- Born: Priscilla Marie Underwood 1932 Los Angeles, California
- Died: 2000 (aged 67–68)
- Other names: Paula Underwood Spencer
- Citizenship: American
- Occupation: author
- Known for: Author of several award-winning books and "learning stories"

= Paula Underwood =

American author

Priscilla Marie "Paula" Underwood (1932–2000) was an American author, who primarily wrote about Native Americans in the United States.

==Career==
Underwood wrote several award-winning books and contributed to numerous publications. A speaker, lecturer, and teacher, she founded and directed the Learning Way company, a developer of an educational program: The Past is Prologue. She is known for her "learning stories" and "The Learning Way." Underwood's Learning Stories and Past is Prologue educational program were designated an Exemplary Educational Program by the US Department of Education and promoted by Sopris West in the Educational Programs that Work catalogue. This program was proven to assist educators in reaching the citizenship goal from Goals 2000: Every adult American will be literate and will possess the knowledge and skills necessary to compete in a global economy and exercise the rights and responsibilities of citizenship.

==Background==
Underwood was born in Los Angeles, California to Perry Leonard Underwood, from Lincoln, Nebraska and Vida Lora (Webster) Underwood, from Springfield, Missouri.

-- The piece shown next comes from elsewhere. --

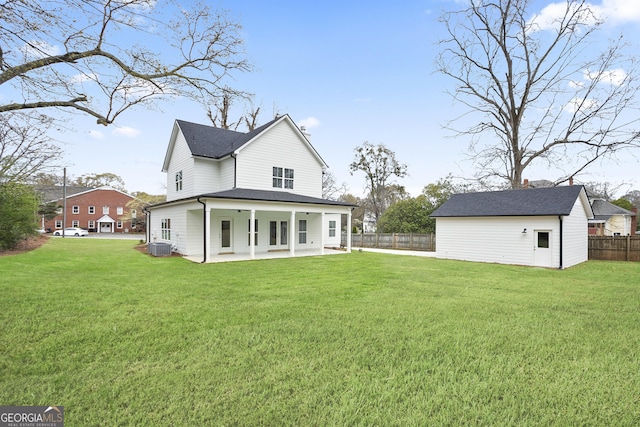 back of house with a lawn, fence, cooling unit, and a patio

In "Franklin Listens When I Speak," Underwood extensively details her lineage and the source of her oral history. She stated her paternal great-great-grandmother was originally Oneida. Her paternal grandmother was Sarah Mariah (Leonard) Underwood (1858–1939) born in Clarke County, Iowa. Franklin Listens When I Speak contains exhaustive research for contemporaneous documentation of Iroquois input into the drafting of the US Constitution, and has been used in lesson plans for high school students studying the US Constitution and the Iroquois Great Law of Peace.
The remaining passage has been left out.